Os quatro volumes chegam com um delicado projeto gráfico: juntas, as
capas reproduzem uma foto de Clarice jovem. E, em um canto, são reproduzidos
elogios de personalidades literárias como Jonathan Franzen ("Uma escritora
verdadeiramente notável"), Orhan Pamuk ("Uma das mais misteriosas
autoras do século 20") e Colm Toíbín ("Um dos gênios ocultos do
século 20"), além de uma citação do jornal "The New York Times"
("A principal escritora latino-americana de prosa do século").
Moser, que descobriu a escrita de Clarice na universidade, durante um
curso sobre literatura brasileira em que se estudou "A Hora da
Estrela", enriqueceu ainda a nova fornada de volumes com prólogos
diversos, como o assinado por Caetano Veloso para "Perto do Coração
Selvagem" e um surpreendente texto de cineasta Pedro Almodóvar que, ao
recusar o convite de Moser para escrever sobre "Um Sopro de Vida",
acaba tecendo vários elogios à autora.
Apesar do enorme sucesso, Benjamin Moser considera tardia a chegada da
obra de Clarice ao mercado americano. E o que a mantinha tão afastada? "A
resposta é simples: uma má tradução", acredita. "As antigas versões
em inglês eram muito ruins. Tentaram preencher ou eliminar as estranhezas da
linguagem de Clarice, de 'completá-la', sem entender que isso é que justamente
fizeram de Clarice a escritora Clarice. Se conseguirmos na nova série fazer o
leitor americano chegar mais perto do coração de Clarice, teremos sabido
traduzir um pouco do encanto do seu português esquisito e belíssimo."

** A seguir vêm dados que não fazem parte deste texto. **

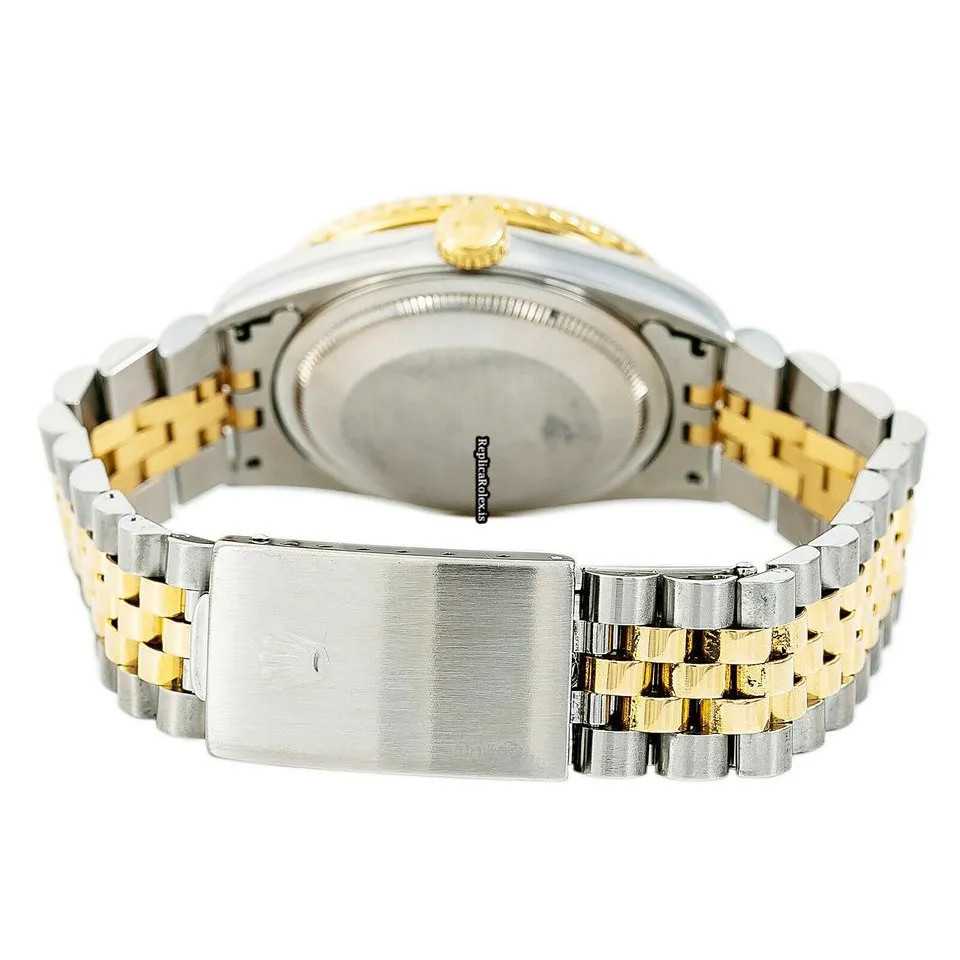 Amazing Fake Rolex Datejust Turn-o-graph 16263 Automatic Movement 36mm Gold/steel Case Mens/unisex Watch - Image 2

Como editor de séries da New Directions, Moser já planeja novos
lançamentos - em seus planos, figuram "Contos Completos", além de uma
obra infantil. Um trabalho de paciência, pois a dificuldade continua na
tradução - alguns dos novos lançamentos, por exemplo, passaram por até oito
versões. Mesmo assim, Moser orgulha-se de ter feito uma contribuição às letras
americanas. "Trata-se de algo realmente revolucionário."
No Brasil, os livros de Clarice são um dos bens mais preciosos do
catálogo da editora Rocco, que prepara vários lançamentos a partir do segundo
semestre. Em outubro, por exemplo, deve sair a coletânea "Clarice na
Cabeceira - Jornalismo", que vai reunir textos publicados na imprensa ao
longo de quase quatro décadas.
Organizada por Aparecida Maria Nunes, a obra
pretende oferecer uma amostra consistente da forma singular como Clarice
praticava o jornalismo, seja no papel de repórter, entrevistadora, colunista de
páginas femininas ou cronista, além de ajudar a traçar um perfil do próprio
jornalismo brasileiro nesse período.